Anita Desai ‘12
Swarthmore College ‘16
13 years at CSG
Laying the foundation for success
As cliché as it may sound, I am most grateful for the lasting friendships that CSG gave me. None of the successes I have had post-high school would have been possible without the love and support of the friends I made throughout my thirteen years at CSG. My friends from CSG were my greatest comfort when I was homesick at college, my editors as I drafted my senior thesis, and my first call when I got a job. While CSG undoubtedly taught me invaluable time management, writing, and organizational skills, I wouldn’t have been able to utilize these tools half as well without the support system my friends provided. We continue to challenge, admire, and learn from one another even now that we have graduated from college, and I will always be grateful for how my classmates from CSG taught me to value collaboration and friendship over competition.
Beyond the classroom
At CSG, I wrote for Silhouette, played field hockey and lacrosse, was a member of the Robotics team, and played the cello in the Orchestra and Select Strings Ensemble. I also worked at Early Hours and volunteered in the Lower School’s Homework Help Center. These two activities were particularly meaningful to me because they helped me to feel connected to other students in different grades and disparate parts of the CSG community. As a “lifer” at CSG, maintaining these connections was especially important to me.
Finding a college home
As I researched and toured potential colleges, I searched for the things that I believed had facilitated my happiness and success at CSG: small class sizes, close relationships with teachers, and opportunities to pursue a wide variety of coursework and extracurricular activities. With these parameters, it was clear that I was probably best suited to a small liberal arts college. However, the reasons I ended up choosing Swarthmore were varied and somewhat random. I liked Swarthmore’s emphasis on writing across disciplines, and the school’s location (near Philadelphia, but removed enough that the environment remained calm) felt perfect to me. But in the end, it came down to a gut feeling I had while visiting campus. After touring almost 15 schools, I had realized that I could receive an incredible education at every single one of them, but Swarthmore was the only place that already felt like home.

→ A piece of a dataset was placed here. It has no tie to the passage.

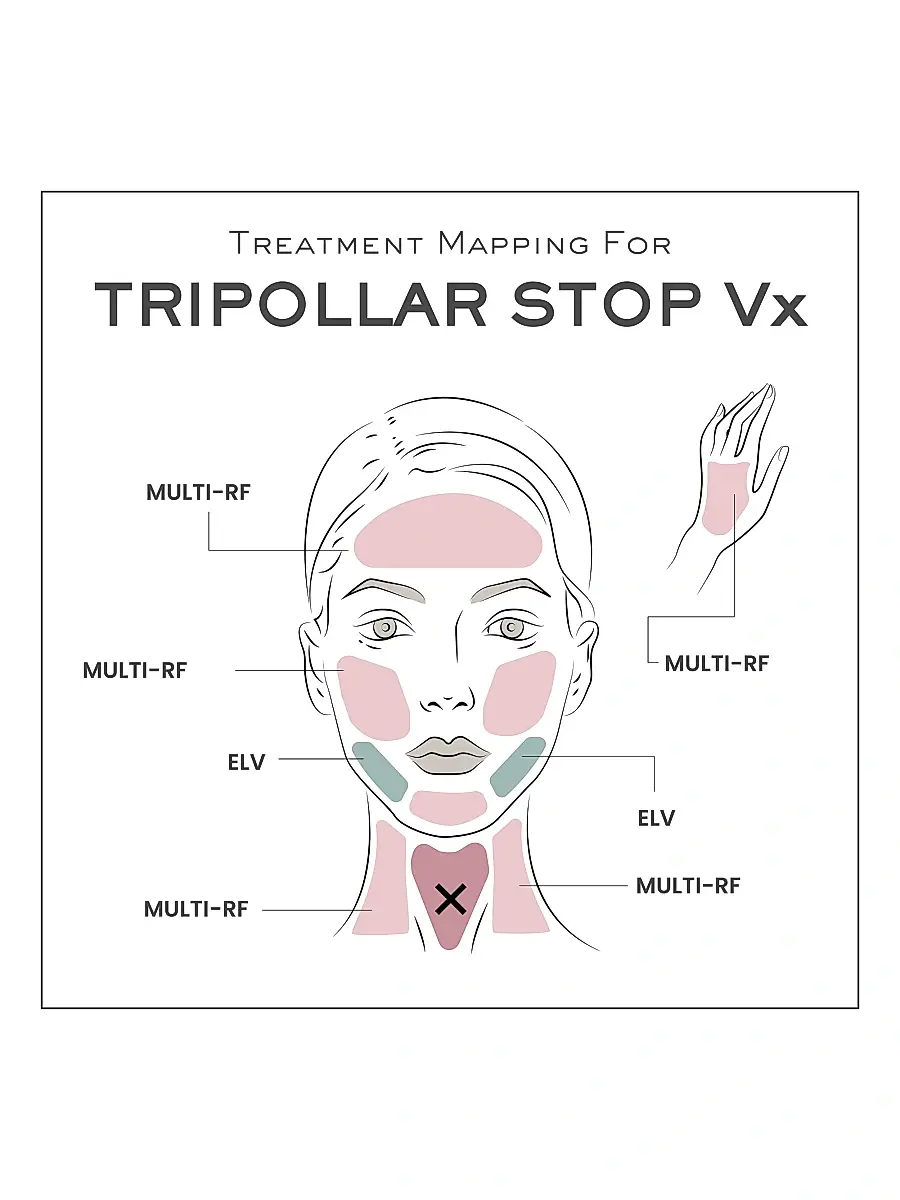 TriPollar Women's STOP Vx Facial Renewal, Reshaping & Rejuvenation Device | Thumbnail 6 TriPollar Women's STOP Vx Facial Renewal, Reshaping & Rejuvenation Device | Thumbnail 6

I graduated from Swarthmore’s Honors Program with a degree in Political Science, Statistics, and Public Policy. Specifically, my studies focused on political economy and the nexus of international trade and economic development. While in college, I spent my summers volunteering with a non-profit in Ecuador, interning at a DC think tank, and working in the Economic Bureau at the State Department. I am now working for an international law firm in New York, trying to decide whether I want to pursue a career in policy or in law. Until I make that decision, I’m enjoying living in the city, taking a break from school, and not worrying too much about the future for the first time in a while.